* _Your goal_: Should the listing contain images, exclude them; give the rest again exactly.

Top of Exercise data

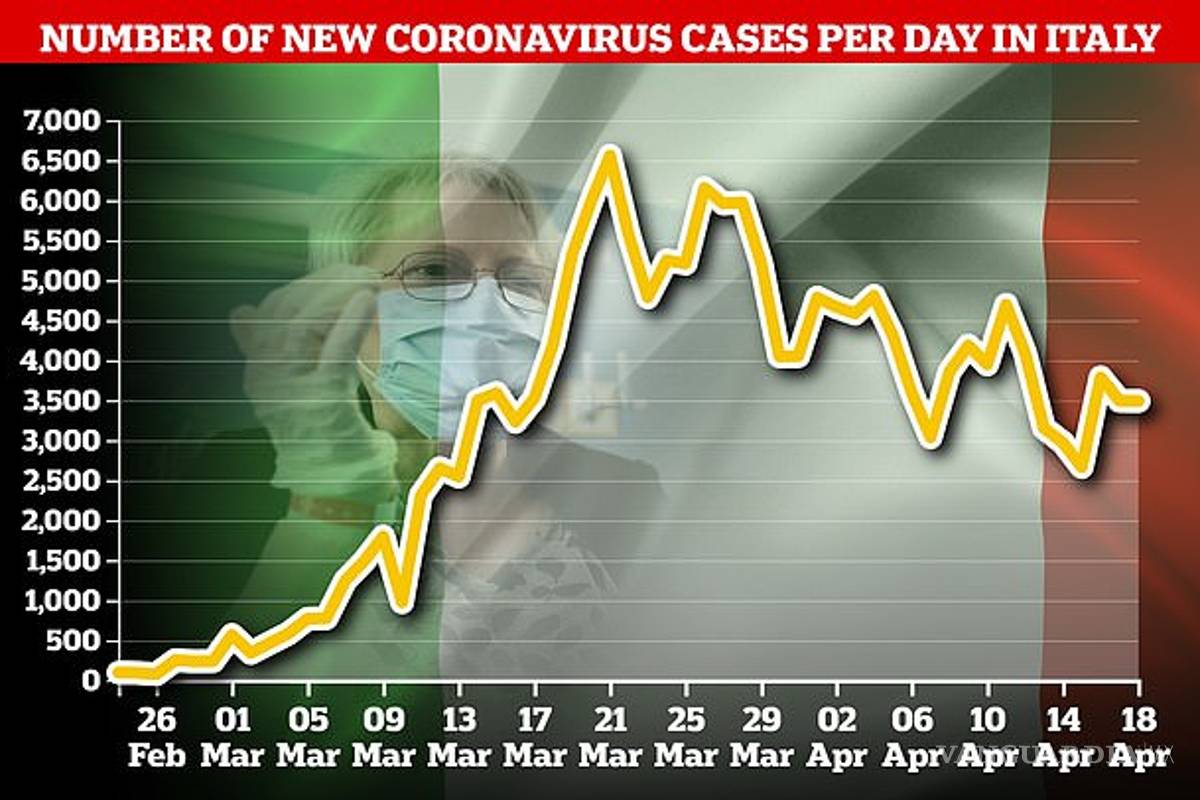 $!Italia reporta 482 muertes más por coronavirus, su cifra diaria más baja en casi un mes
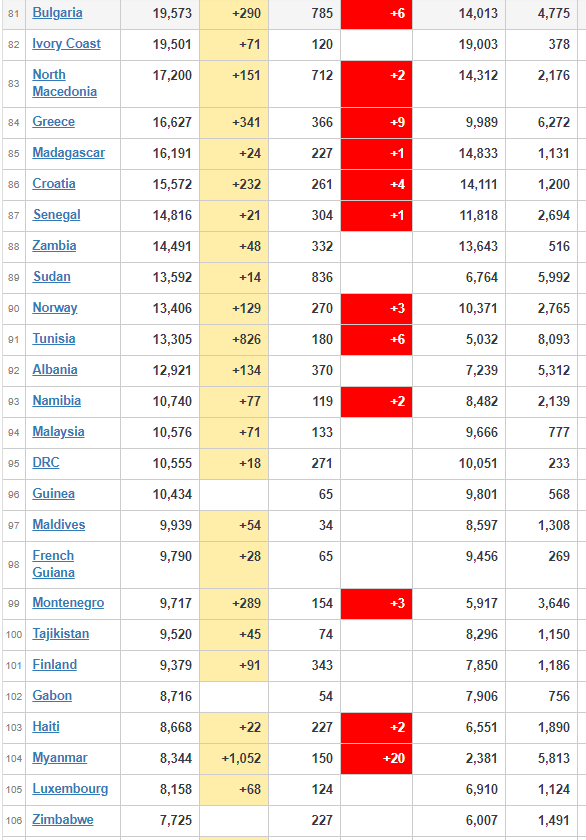 coronavirus Todays Update Worldwide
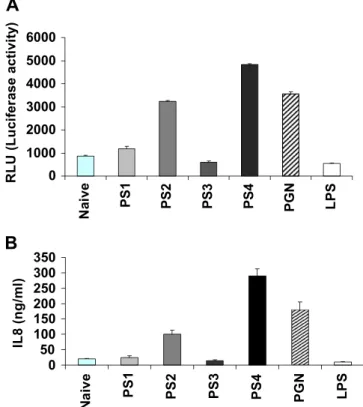 Fig. 2. Time dependent TNF a , and NO release by RAW cells following different PS treatments at 2 m g/ml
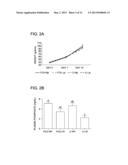 PEPTIDE AND METHOD FOR REDUCING THE PHOSPHATE REQUIREMENT AND EXCRETION     FROM FARM ANIMALS diagram and image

Bottom of Exercise data

* _Result of this exercise_:
 $!Italia reporta 482 muertes más por coronavirus, su cifra diaria más baja en casi un mes
 coronavirus Todays Update Worldwide
 Fig. 2. Time dependent TNF a , and NO release by RAW cells following different PS treatments at 2 m g/ml
 PEPTIDE AND METHOD FOR REDUCING THE PHOSPHATE REQUIREMENT AND EXCRETION     FROM FARM ANIMALS diagram and image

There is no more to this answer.